CMPSCI 383: Artificial Intelligence

Fall 2014 (archived)

Assignment 07 Graded, Sample Solution Posted

The Assignment 07 submissions have been graded. I have posted grades on Moodle.

The test cases referenced in the autograder’s output are available for download here: assignment07-test-cases.tar.gz

A Java sample solution is available here: NaiveBayesClassifier.tar.gz. The useAlternativeMethod flag indicates which way the classifier will handle ? values (see below).

Some notes on the tests and grading:

  • Correctness was defined as outputting both the correct class and the correct probability of that class. With a few minor exceptions detailed here and that we accounted for when grading, there was no ambiguity in the correct output. Just outputting the right class label was not sufficient for credit, nor was getting anything but close (±0.01) to the correct probability.

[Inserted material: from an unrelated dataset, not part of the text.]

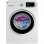 Teka SPA TKD 1480 Lavadora de Carga Frontal 8Kg A+++ Blanca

  • There were two sets of tests. The small tests were on synthetic data and intended to evoke specific types of errors. For one of them, I used a student’s test that was posted to Moodle; many people used it to validate their submission so I thought you should get credit for it. The large tests were on subsets of the full vote data.

  • No test explicitly pushed at the boundaries of underflow. (Do not take this to mean that the tests in Assignment 10 won’t!) The log transform can lose a small bit of precision, but not enough to matter to the tests we did (within ±0.01 of the correct value). It’s not actually necessary to use it unless underflow occurs—look at estimateProbability() in the solution for an example.

  • We accounted for floating-point roundoff errors around 0.5, for example, democrat,0.5000000000000004 was acceptable when republican,0.5 was the correct answer.

  • As noted in the assignment question and answer section, we accepted two distinct ways of handling unknown values. If your program’s output didn’t match the way that I specified, the autograder re-checked it against the way that Patrick specified. These are the .alternative solutions.

As usual, if you think something is amiss, please email or come see me or Patrick.

Assignment 11 Posted

Assignment 11 has been posted. It is optional.

To complete it, you can re-do a previous assignment or choose a new assignment.

Assignment 06 Graded

The Assignment 06 submissions have been graded. Patrick has posted grades on Moodle.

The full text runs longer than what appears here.